BROOKLYN, NY -- The 3rd Generation Partnership Project (3GPP), comprising seven telecommunications standard development organizations, will soon choose among channel models to adopt as testing standards for 5G cellular systems. However, a new study by Theodore (Ted) S. Rappaport, the Ernst Weber/David Lee professor of electrical engineering at NYU Tandon School of Engineering and founding director of NYU WIRELESS, suggests that the three-parameter "alpha-beta-gamma" (ABG) model used in the past by 3GPP for predicting signal coverage might spell trouble at frequencies above 6 gigahertz (GHz).
The research, published this month in the IEEE Vehicular Technology Transactions, is based on an extensive set of 30 measurement campaigns from 2 GHz to 73 GHz. It was conducted with co-authors from Aalborg University in Denmark, and industry partners, and is part of the Ph.D. work of NYU Tandon School of Engineering graduate student Shu Sun. The study argues for a better, simpler, alternative model that uses just a single parameter, the "path loss exponent," which can be used as a global standard for predicting signal coverage.

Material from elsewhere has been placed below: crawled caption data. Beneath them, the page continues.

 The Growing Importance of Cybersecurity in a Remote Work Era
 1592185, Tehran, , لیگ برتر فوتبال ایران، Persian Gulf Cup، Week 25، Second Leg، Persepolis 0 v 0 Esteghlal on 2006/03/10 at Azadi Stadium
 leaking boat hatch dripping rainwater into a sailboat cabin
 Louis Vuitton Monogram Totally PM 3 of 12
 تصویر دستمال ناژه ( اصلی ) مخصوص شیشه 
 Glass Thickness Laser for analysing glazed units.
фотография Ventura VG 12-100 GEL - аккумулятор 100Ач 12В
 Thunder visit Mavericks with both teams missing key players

Rappaport explained that study shows how the present-day ABG model disobeys fundamental physics, and how the simpler model offers greater predictive accuracy over use-cases that were never measured in the first place. He said the work found significant errors in applying the decade-old channel path loss models to millimeter-wave (mmWave) 5G wireless. "For example, the commonly used ABG model will predict that fewer base stations will be required in the early, non-interference phase of mmWave buildout, when in fact more base stations will be needed," said Rappapoort. He added that the old models will also predict fewer base stations are needed in the mature phase of buildout, when actually there will be much more interference and thus the need for more base stations. "Basically, the ABG channel models the industry is likely to continue using paint an overly rosy picture both in the early and mature phases of 5G buildouts," he said.

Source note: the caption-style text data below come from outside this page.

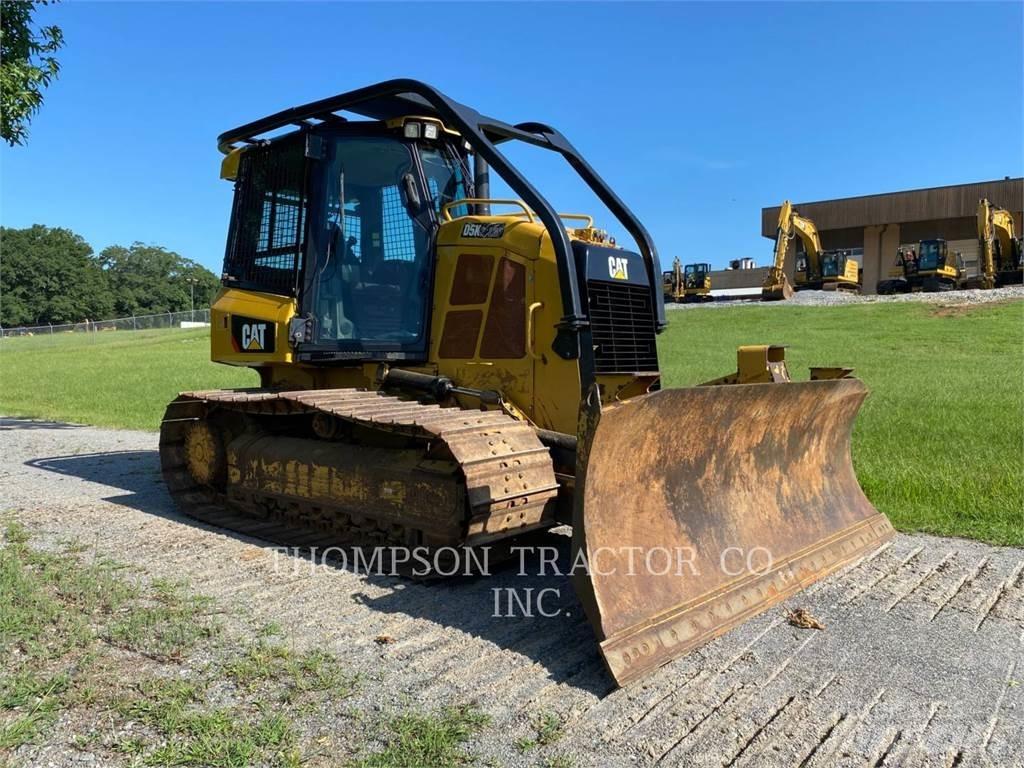 CAT D5K2 LGP Bulldozer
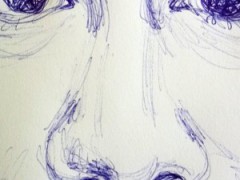 00027-Picturale-a-sketch-a-day-Charlotte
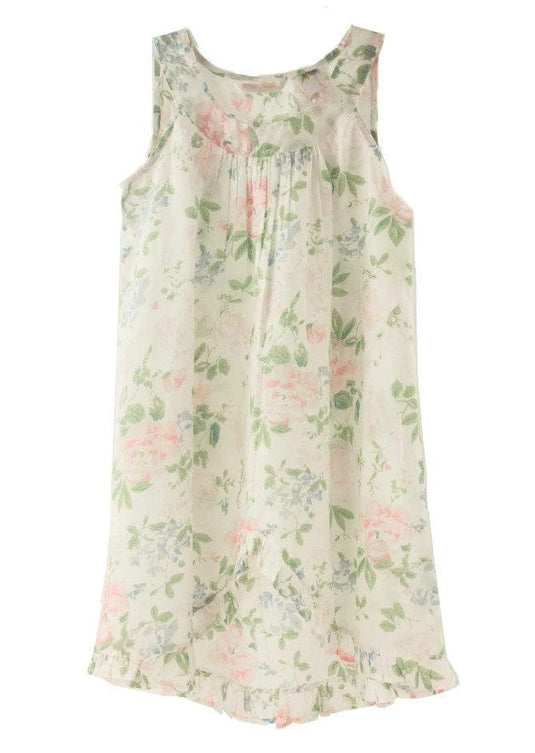 French Country Girls Nightie Summer Rose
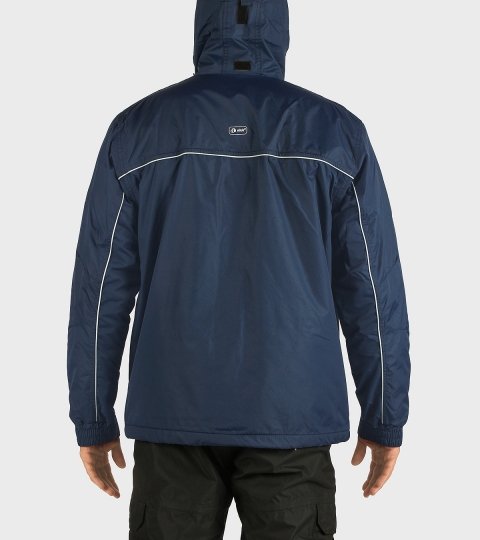 Campera de hombre Nix con Polar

The paper's comparison of three 3GPP candidate large-scale propagation path loss models, in field studies covering a vast range of microwave and mmWave frequencies and use-cases, found that:
- The ABG path loss model, likely to be adopted by 3GPP, under-predicts path loss when relatively close to a transmitter, with implications for low-power internet-of-things devices, and over-predicts path loss far from the transmitter, with implications for mmWave, since the ABG model erroneously predicts that mmWave will exhibit relatively weaker signals than it should at longer distances, according to Rappaport.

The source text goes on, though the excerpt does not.